*** Block opens ***
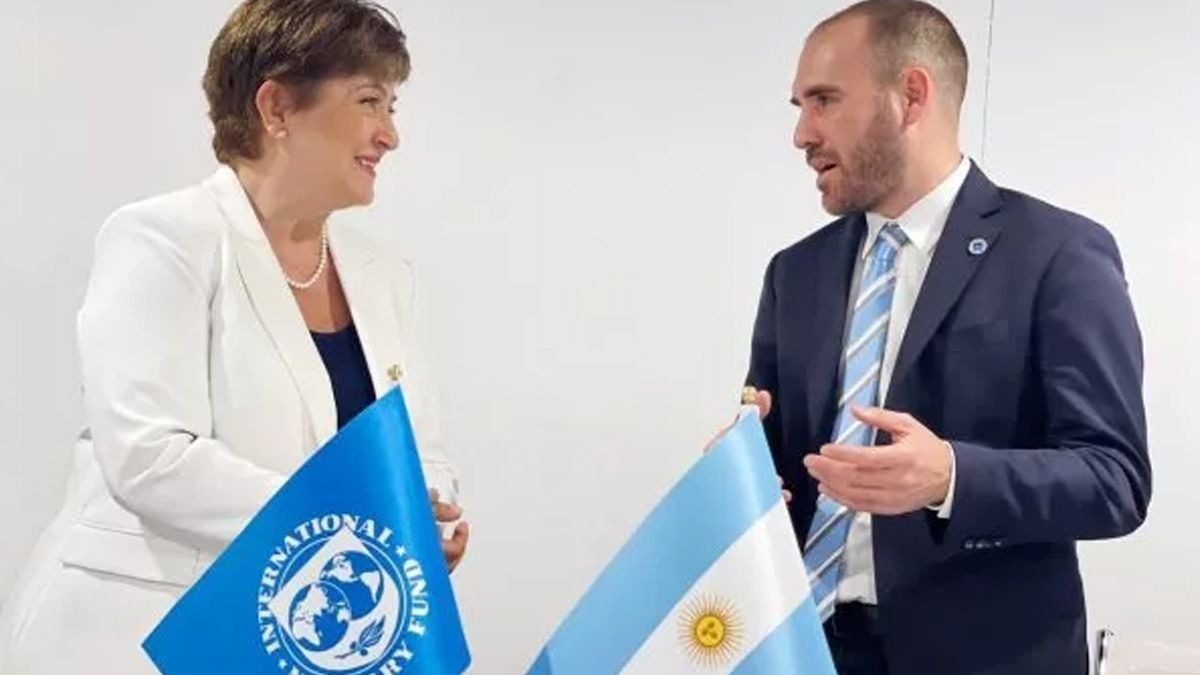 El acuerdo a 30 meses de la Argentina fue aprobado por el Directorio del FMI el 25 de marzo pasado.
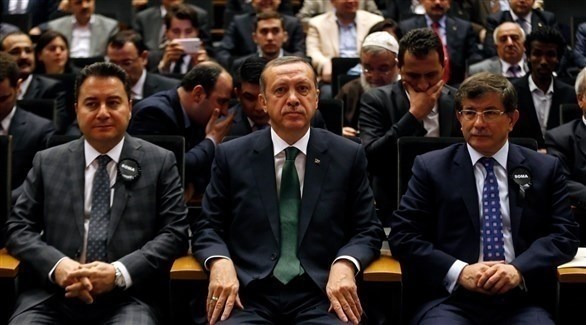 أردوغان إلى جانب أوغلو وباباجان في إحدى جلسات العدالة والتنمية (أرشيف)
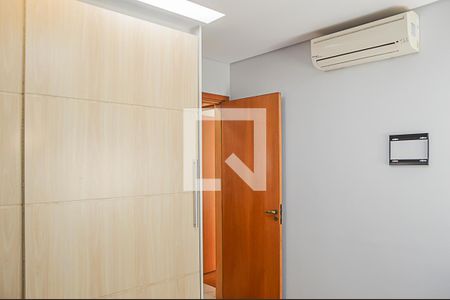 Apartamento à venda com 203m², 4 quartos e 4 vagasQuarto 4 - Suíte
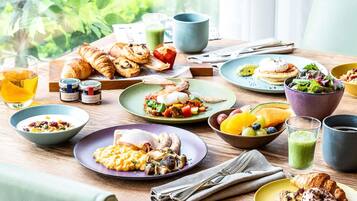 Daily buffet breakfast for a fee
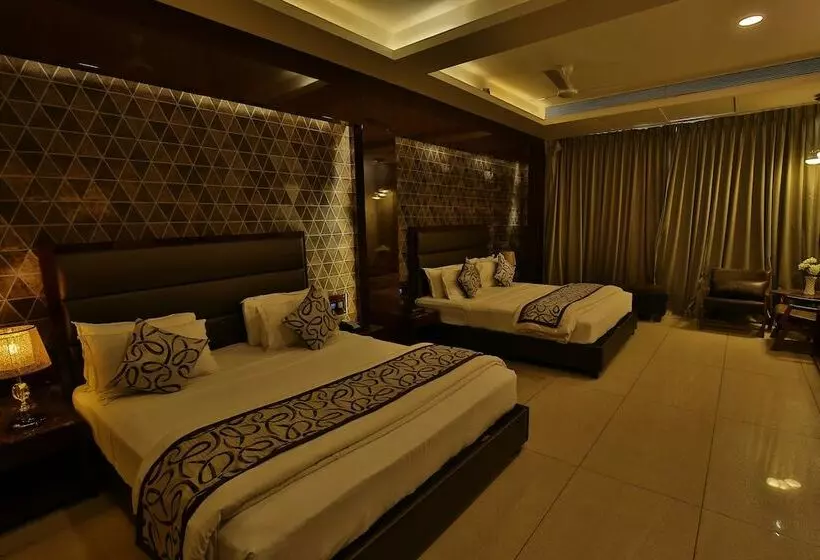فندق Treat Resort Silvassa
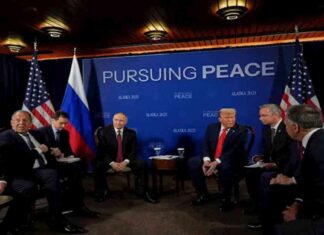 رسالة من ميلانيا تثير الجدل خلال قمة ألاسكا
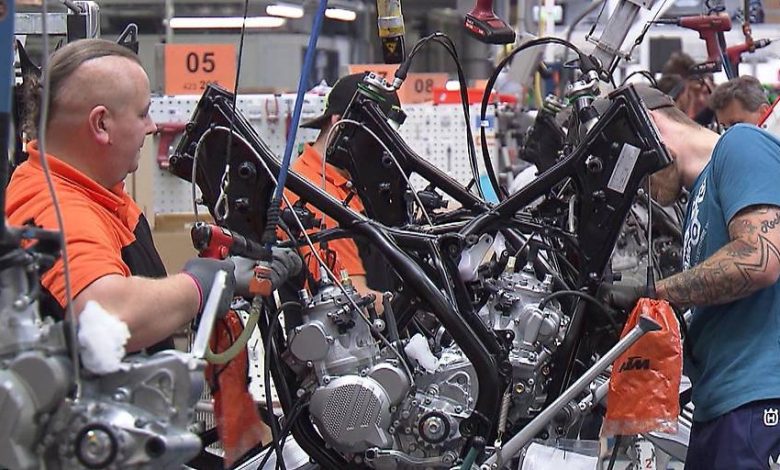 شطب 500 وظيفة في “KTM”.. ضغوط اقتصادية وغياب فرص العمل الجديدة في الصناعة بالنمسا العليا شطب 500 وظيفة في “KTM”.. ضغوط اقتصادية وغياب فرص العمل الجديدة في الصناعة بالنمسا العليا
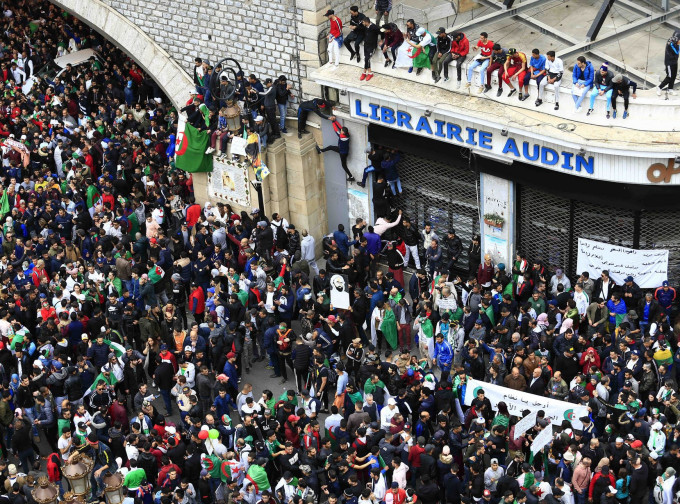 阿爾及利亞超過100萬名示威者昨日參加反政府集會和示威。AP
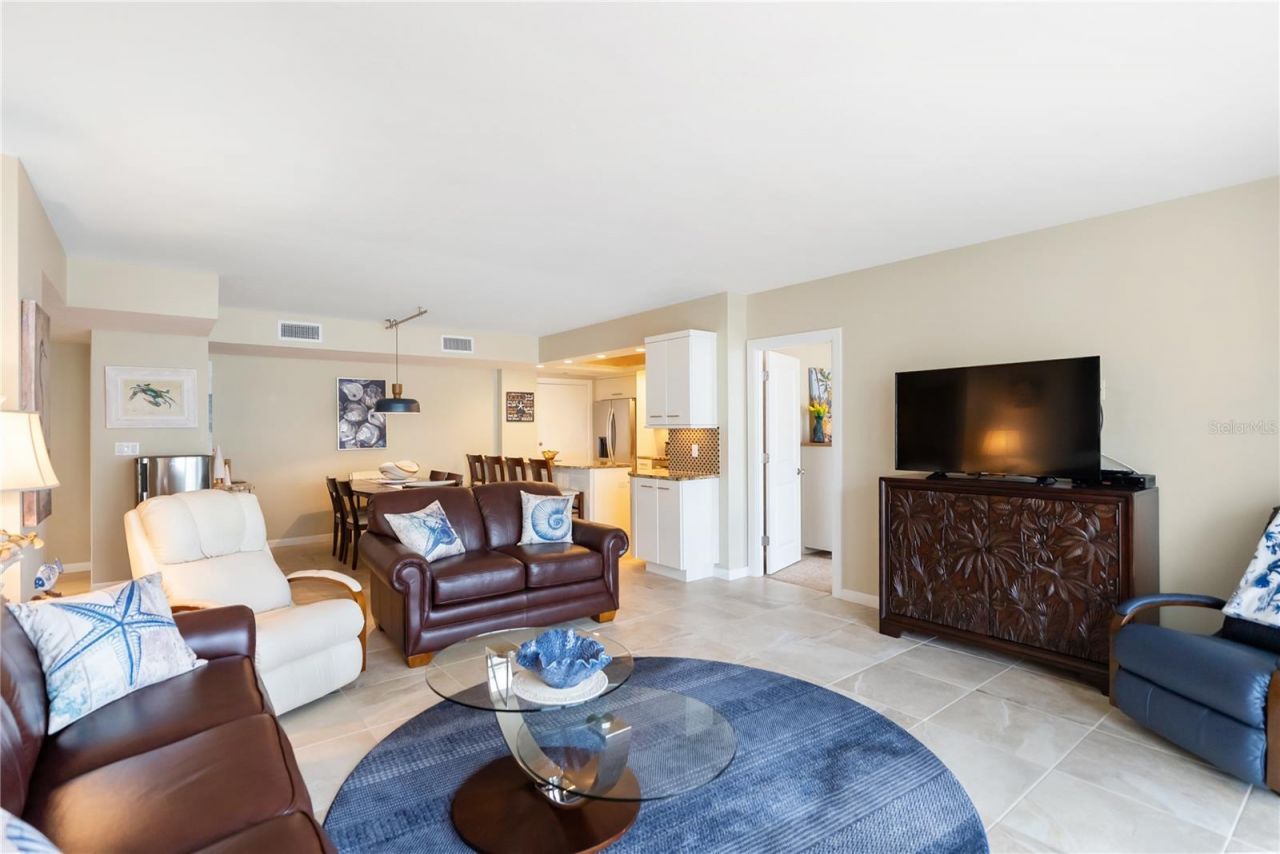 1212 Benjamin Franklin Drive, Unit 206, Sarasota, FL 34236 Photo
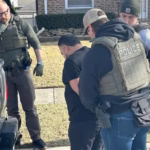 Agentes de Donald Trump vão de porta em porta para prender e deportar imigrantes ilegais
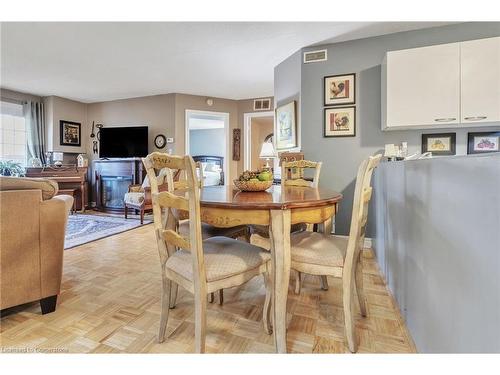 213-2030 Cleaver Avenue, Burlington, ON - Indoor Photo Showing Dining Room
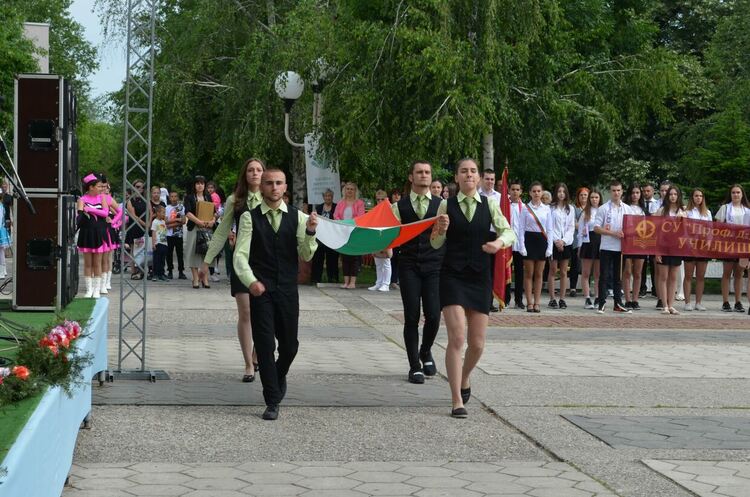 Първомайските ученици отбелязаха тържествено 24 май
*** Block closes ***
Transcribe every record above exactly as written, leaving out any pictures.

 El acuerdo a 30 meses de la Argentina fue aprobado por el Directorio del FMI el 25 de marzo pasado.
 أردوغان إلى جانب أوغلو وباباجان في إحدى جلسات العدالة والتنمية (أرشيف)
 Apartamento à venda com 203m², 4 quartos e 4 vagasQuarto 4 - Suíte
 Daily buffet breakfast for a fee
فندق Treat Resort Silvassa
 رسالة من ميلانيا تثير الجدل خلال قمة ألاسكا
 شطب 500 وظيفة في “KTM”.. ضغوط اقتصادية وغياب فرص العمل الجديدة في الصناعة بالنمسا العليا شطب 500 وظيفة في “KTM”.. ضغوط اقتصادية وغياب فرص العمل الجديدة في الصناعة بالنمسا العليا
 阿爾及利亞超過100萬名示威者昨日參加反政府集會和示威。AP
 1212 Benjamin Franklin Drive, Unit 206, Sarasota, FL 34236 Photo
 Agentes de Donald Trump vão de porta em porta para prender e deportar imigrantes ilegais
 213-2030 Cleaver Avenue, Burlington, ON - Indoor Photo Showing Dining Room
 Първомайските ученици отбелязаха тържествено 24 май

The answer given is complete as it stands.